こういった時間をベースに、日次・月次の自分の業務時間を確保するようなイメージでスケジュールを組んでいます。
業務のやりがいや、ポジションの魅力について教えて!
高橋:
少人数の組織なので、オーナーシップを持ってスピーディーに進められる点ですね。これはGOに限らずユーザベース全体に言えることかもしれませんが、自分たちが見ている範囲については意思決定権があるので、トップダウンですべてが決まるというより、主体的に動くことが求められます。
たとえばアメリカで1番優先順位が高かった課題は、今年の採用枠2名を早急に採用することでした。リクルーターとして手を動かせるのは私ひとりしかいなかったので、どのチャネルを使って採用するか、どのメディアに募集要項を出すのか、採用を達成するための道筋を全て自分で描いて実行しました。

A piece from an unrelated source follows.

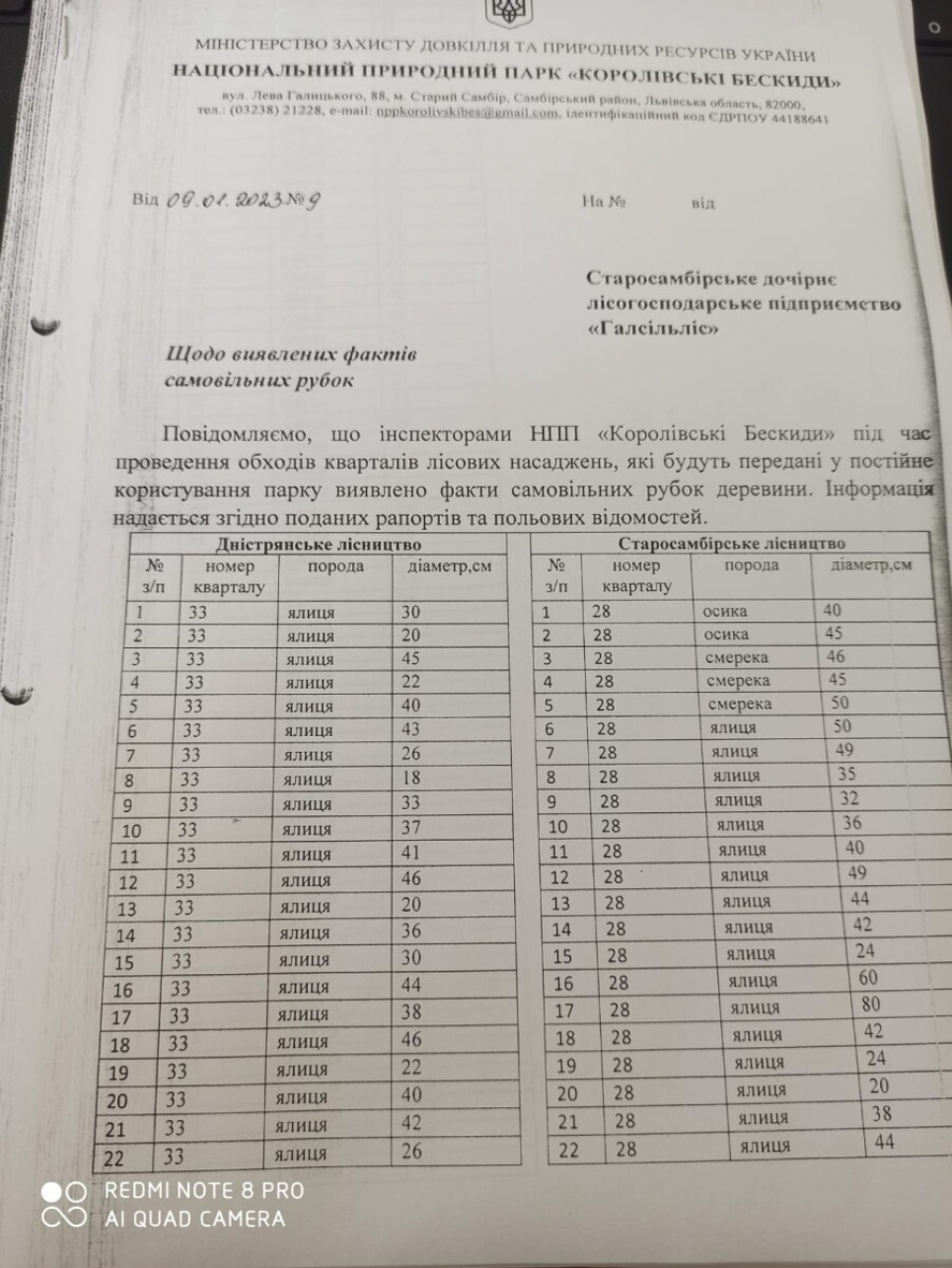 На Львівщині вирубують «Сколівські бескиди»: збитки уже склали 800 млн грн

人材エージェントに問い合わせのメールを送っても返信が来ないケースも多くあり、大変なこともありましたが、スピード感をもって進められるのは、いかにもスタートアップという感じで楽しかったです。
また、日本にいながらにして海外の人たちとコミュニケーションを取れることや、税務・労務・採用ノウハウなどさまざまな知識が身につく点も、このポジションの魅力だと思います。
増田:
私は以前海外に住んでいた時期があり、自分とは異なるバックグラウンドを持つ方とお話すること自体が趣味みたいな感覚を持っているので、それも仕事の楽しみのひとつです。
とはいえ私にとって英語は母国語ではないので、伝え方って難しいなと感じる時もありますが、それ以上に「伝えたい」「コミュニケーションを取りたい」という気持ちの方が大きいので、楽しみながら試行錯誤しています。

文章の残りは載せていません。